Pandas: control new column names when merging two dataframes?


I would like to merge two Pandas dataframes together and control the names of the new column values.

I originally created the dataframes from CSV files. The original CSV files looked like this:

   # presents.csv
   12B,Liverpool Street,37,212,...
   # trees.csv
   12B,Liverpool Street,2,92,...

Now I have two data frames:

df_presents = pd.read_csv(StringIO(presents_txt))
df_trees = pd.read_csv(StringIO(trees_txt))

I want to merge them together to get a final data frame, joining on the org and name values, and then prefixing all other columns with an appropriate prefix.

12B,Liverpool Street,37,212,2,92,...

I’ve been reading the documentation on merging and joining. This seems to merge correctly and result in the right number of columns:

ad = pd.DataFrame.merge(df_presents, df_trees,
                        on=['practice', 'name'],

But then doing print list(aggregate_data.columns.values) shows me the following columns:

[org', u'name', u'spend_x', u'spend_y', u'items_x', u'items_y'...]

How can I rename spend_x to be presents_spend, etc?

The suffixes option in the merge function does this.

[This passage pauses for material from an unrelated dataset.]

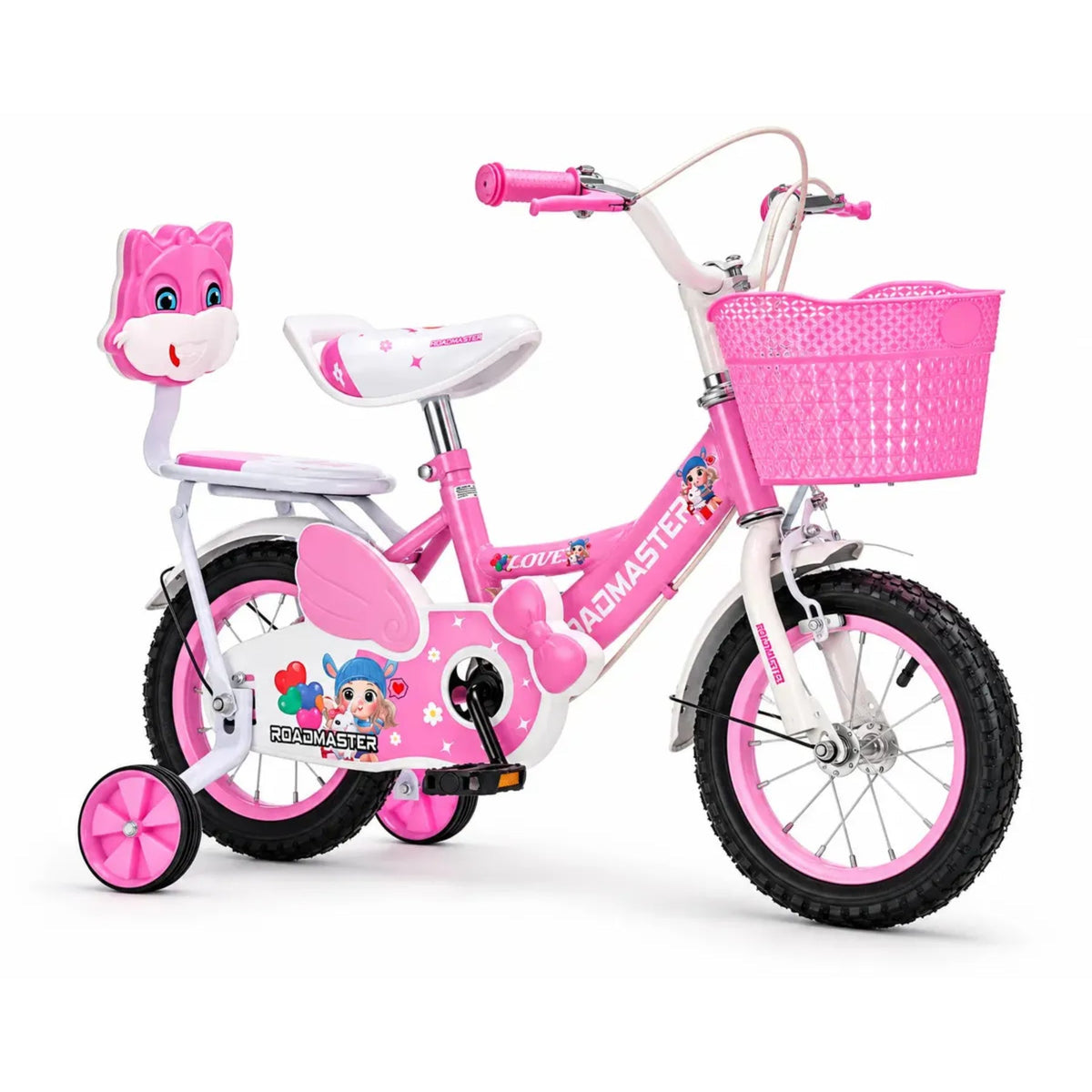 Bicicleta Infantil Roadmaster Rin 16 para Niña con Canasto y Ruedas de Apoyo - Bicicletas - Roadmaster | HS-BIR16P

The defaults are suffixes=('_x', '_y').

In general, renaming columns can be done with the rename method.

You can rename all the columns of ad by setting its columns as follows.

ad.columns = ['org', 'name', 'presents_spend', 'trees_spend']
Another way is adding suffix to the columns of your dataframe before merging:

ad.columns = 'ad_' + ad.columns.values